» **Supplied data**
-----

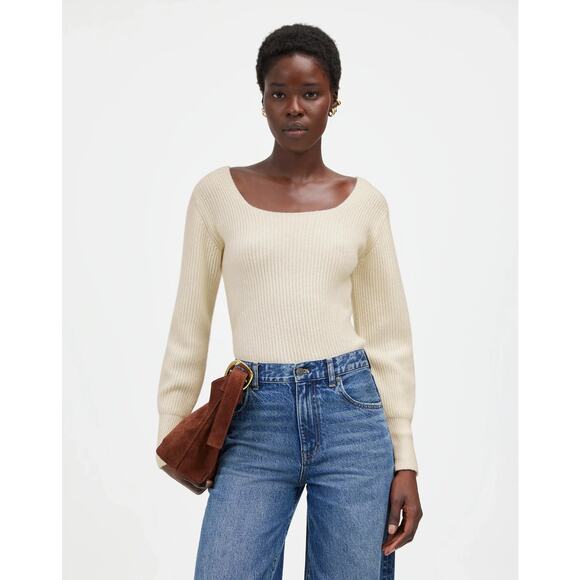 Madewell SoftWool Square-Neck Pullover Ribbed Sweater Heather Cloud Size XXS NWT - Picture 2 of 10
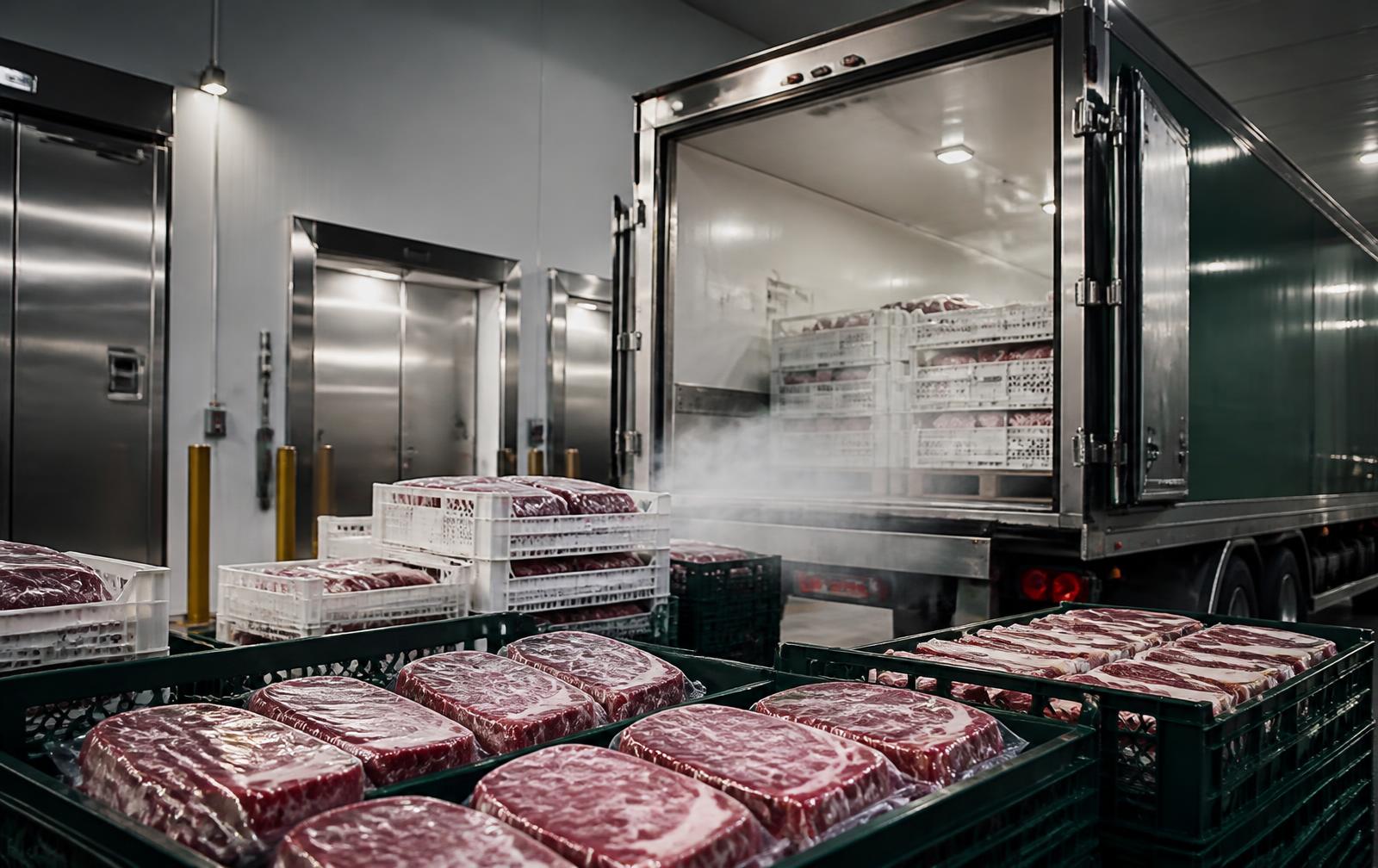 Vacuum-packed meat prepared beside a refrigerated delivery truck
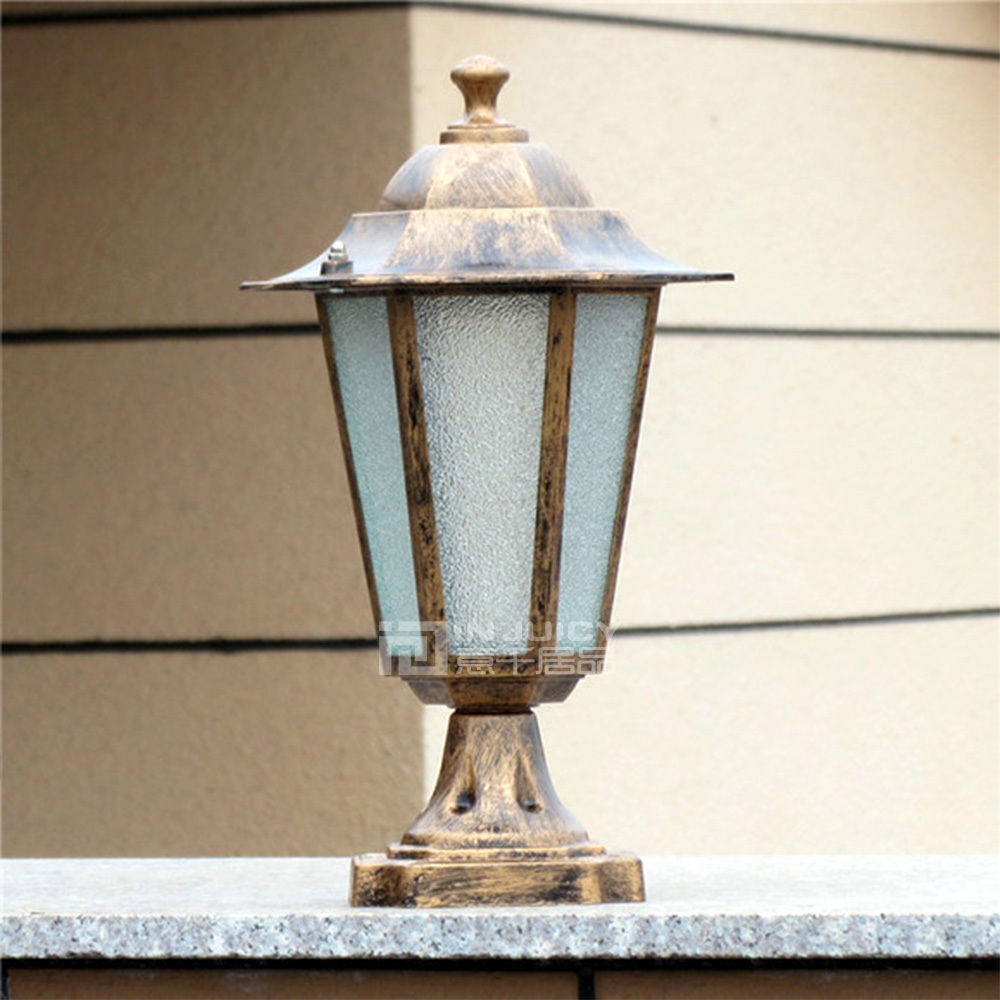 european retro villa led iron glassloft corridor waterproof outdoor pillar chapiter lighting lamp lights home decor gift new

-----

» **Try it**
When you copy the listing above, reproduce every line exactly and skip the images.

» **Exercise response**
 Madewell SoftWool Square-Neck Pullover Ribbed Sweater Heather Cloud Size XXS NWT - Picture 2 of 10
 Vacuum-packed meat prepared beside a refrigerated delivery truck
 european retro villa led iron glassloft corridor waterproof outdoor pillar chapiter lighting lamp lights home decor gift new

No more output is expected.